Performance Optimization¶
Strategies for optimizing Dango performance with large datasets.
Overview¶
As your data grows, you may need to optimize: - Sync performance (data loading) - Query performance (DuckDB) - dbt model execution - Memory usage
DuckDB Optimization¶
Understanding DuckDB¶
DuckDB is optimized for analytical workloads: - Columnar storage for fast aggregations - Automatic parallelization - In-memory processing with disk spillover
Version Alignment¶
DuckDB requires that the Python library and the Metabase JDBC driver share the same major.minor version. Dango handles this automatically — the driver version (1.5.1.0) is pinned to match the Python DuckDB dependency (1.5.x).
If you upgrade DuckDB manually, the Metabase driver must also be updated. Dango checks version alignment on startup and warns if there is a mismatch.
Why Version Alignment Matters
DuckDB's read-only mode cannot open database files created by a different major.minor version. If the Python library is 1.5.x but the Metabase JDBC driver bundles 1.4.x, Metabase cannot read the database. Dango's startup check and pre-commit hook prevent this drift.
Memory Configuration¶
-- Check current memory limit
SELECT current_setting('memory_limit');
-- Increase memory for large datasets (run in DuckDB CLI)
SET memory_limit = '8GB';
SET threads = 4;
Configure in dbt:
# dbt/profiles.yml
my_project:
outputs:
dev:
type: duckdb
path: ../data/warehouse.duckdb
config:
memory_limit: '8GB'
threads: 4
Query Optimization¶
Use EXPLAIN to analyze queries:
EXPLAIN ANALYZE
SELECT date_trunc('day', order_date), SUM(amount)
FROM raw_orders.orders
GROUP BY 1;
Common optimizations:
-- BAD: Full table scan for filter
SELECT * FROM orders WHERE YEAR(order_date) = 2024;
-- GOOD: Range filter
SELECT * FROM orders
WHERE order_date >= '2024-01-01' AND order_date < '2025-01-01';
-- BAD: SELECT *
SELECT * FROM orders JOIN customers USING (customer_id);
-- GOOD: Select only needed columns
SELECT o.order_id, o.amount, c.name
FROM orders o JOIN customers c USING (customer_id);
Sync Performance¶
Sync Subprocess Model¶
Syncs run in isolated subprocesses, keeping the web UI responsive. The web server never blocks on a long-running sync — it monitors progress via status files at .dango/state/sync_status_{id}.json and broadcasts updates over WebSocket.

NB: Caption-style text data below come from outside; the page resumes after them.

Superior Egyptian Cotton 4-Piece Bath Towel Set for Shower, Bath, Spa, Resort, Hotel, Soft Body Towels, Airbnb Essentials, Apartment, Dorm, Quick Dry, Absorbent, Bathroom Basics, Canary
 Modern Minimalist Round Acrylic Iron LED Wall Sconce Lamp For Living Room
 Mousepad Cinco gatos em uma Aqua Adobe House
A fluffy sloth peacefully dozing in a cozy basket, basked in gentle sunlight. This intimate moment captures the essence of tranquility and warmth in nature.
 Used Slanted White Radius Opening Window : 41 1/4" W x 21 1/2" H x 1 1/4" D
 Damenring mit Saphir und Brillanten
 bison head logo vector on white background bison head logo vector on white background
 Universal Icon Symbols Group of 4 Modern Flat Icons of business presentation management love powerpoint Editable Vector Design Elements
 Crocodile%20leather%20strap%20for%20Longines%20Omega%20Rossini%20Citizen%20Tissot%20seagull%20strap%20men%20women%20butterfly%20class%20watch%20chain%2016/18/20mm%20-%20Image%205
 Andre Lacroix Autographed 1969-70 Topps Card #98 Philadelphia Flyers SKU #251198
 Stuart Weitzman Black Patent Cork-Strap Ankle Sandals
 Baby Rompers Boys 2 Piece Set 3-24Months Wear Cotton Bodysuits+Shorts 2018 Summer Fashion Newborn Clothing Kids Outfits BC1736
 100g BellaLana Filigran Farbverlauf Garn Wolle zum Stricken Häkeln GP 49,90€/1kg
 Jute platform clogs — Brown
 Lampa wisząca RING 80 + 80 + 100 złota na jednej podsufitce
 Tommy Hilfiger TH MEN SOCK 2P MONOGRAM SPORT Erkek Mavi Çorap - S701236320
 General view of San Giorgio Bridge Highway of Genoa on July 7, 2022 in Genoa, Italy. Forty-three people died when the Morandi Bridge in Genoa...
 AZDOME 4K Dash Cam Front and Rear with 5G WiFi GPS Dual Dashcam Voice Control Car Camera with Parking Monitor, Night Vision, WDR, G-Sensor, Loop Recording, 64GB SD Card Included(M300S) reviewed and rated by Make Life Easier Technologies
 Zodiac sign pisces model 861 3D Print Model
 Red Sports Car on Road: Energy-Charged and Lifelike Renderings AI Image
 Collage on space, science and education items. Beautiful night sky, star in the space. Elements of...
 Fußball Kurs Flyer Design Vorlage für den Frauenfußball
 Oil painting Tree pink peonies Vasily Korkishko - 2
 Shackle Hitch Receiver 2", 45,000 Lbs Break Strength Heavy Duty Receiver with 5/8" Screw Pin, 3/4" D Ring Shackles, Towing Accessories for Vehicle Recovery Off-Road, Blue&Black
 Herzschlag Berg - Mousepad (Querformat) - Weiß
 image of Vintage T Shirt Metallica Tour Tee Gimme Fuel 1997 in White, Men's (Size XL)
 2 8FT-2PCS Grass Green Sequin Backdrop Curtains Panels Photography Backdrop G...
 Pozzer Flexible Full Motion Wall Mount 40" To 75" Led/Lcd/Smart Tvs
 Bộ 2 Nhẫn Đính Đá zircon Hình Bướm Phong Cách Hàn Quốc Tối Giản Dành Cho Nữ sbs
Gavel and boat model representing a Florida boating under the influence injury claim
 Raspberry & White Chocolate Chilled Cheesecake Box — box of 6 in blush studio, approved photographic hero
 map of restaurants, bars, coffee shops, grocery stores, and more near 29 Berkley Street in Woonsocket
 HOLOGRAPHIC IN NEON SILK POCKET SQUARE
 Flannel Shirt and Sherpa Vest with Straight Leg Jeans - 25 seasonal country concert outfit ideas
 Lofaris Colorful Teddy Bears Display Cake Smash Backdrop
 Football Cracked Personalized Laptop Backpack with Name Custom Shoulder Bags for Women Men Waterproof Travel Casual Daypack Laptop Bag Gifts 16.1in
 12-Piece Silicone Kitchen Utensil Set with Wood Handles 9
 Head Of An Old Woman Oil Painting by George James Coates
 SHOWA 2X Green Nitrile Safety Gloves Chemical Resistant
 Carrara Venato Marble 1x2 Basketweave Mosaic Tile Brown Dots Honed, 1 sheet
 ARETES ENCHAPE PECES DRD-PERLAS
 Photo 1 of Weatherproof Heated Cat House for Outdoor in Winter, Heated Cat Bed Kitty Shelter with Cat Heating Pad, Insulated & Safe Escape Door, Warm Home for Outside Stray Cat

This means you can continue using the dashboard, viewing data, and managing sources while a sync runs in the background.
Single-Writer Constraint¶
DuckDB allows only one writer process at a time. Dango enforces this with DbtLock — a file lock at .dango/state/dbt.lock.
Do not run syncs in parallel. DuckDB's single-writer constraint means parallel syncs will fail:
# WRONG: parallel syncs will fail on the second one
dango sync source1 &
dango sync source2 &
# CORRECT: sync sources sequentially
dango sync source1
dango sync source2
# CORRECT: sync all sources (Dango handles ordering)
dango sync
When a sync is triggered from the web UI while another is running, it waits up to 5 minutes for the lock before failing. The CLI fails immediately.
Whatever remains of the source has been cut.